Jorge Zuloaga (1 May 1922 – 1 June 2022), known artistically as El Topolino, was a Colombian comedian, actor, journalist and screenwriter, most recognized for his participation in the comedy show Sábados Felices between 1976 and 1998.

Life and career
Zuloaga was born in Bogotá on 1 May 1922. He began his career as a journalist by joining the newspaper El Espectador in 1952 in the judicial section. In the 1960s and 1970s, he worked on the radio as a reporter and screenwriter in media such as La voz de Bogotá, Todelar and Horizonte.

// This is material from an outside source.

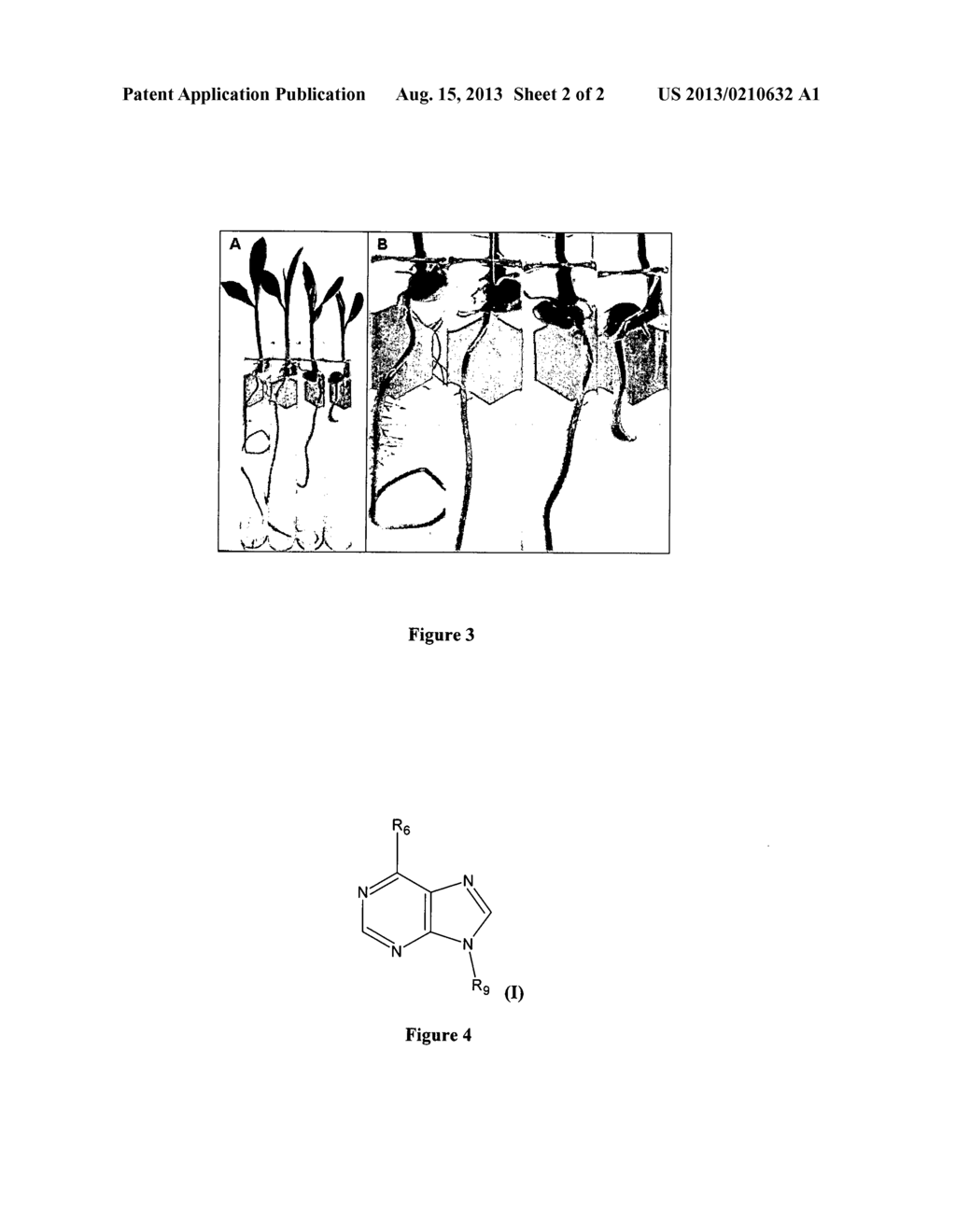 USE OF 6- SUBSTITUTED 9 -  HALOGENALKYL PURINES FOR REGULATION OF GROWTH     AND DEVELOPMENT OF WHOLE PLANTS, PLANT CELLS AND PLANT ORGANS; NOVEL 6 -     SUBSTITUTED 9 - HALOGENALKYL PURINES - diagram, schematic, and image 03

In the mid-1970s, Zuloaga was invited by presenter Alfonso Lizarazo to participate as a contestant on his program Sábados Felices. Given the good reception that his presentation had, Zuloaga was added to the main cast of the show, remaining until the end of the 1990s. As an actor, he participated in film and television productions such as The Woman from the Hot Land, The Millionaire Taxi Driver, One Hundred Years of Infidelity, The Strategy of the Snail and Pablo Escobar, The Drug Lord.

Personal life and death
Zuloaga married Teresa García in 1959, with whom he had four children. After his retirement from the media, he dedicated himself to writing books about his career and joined the Association of Former Caracol Workers. In 2015, he won a lawsuit against Caracol Televisión for irregularities in his contract when he was a member of the cast of Sábados Felices.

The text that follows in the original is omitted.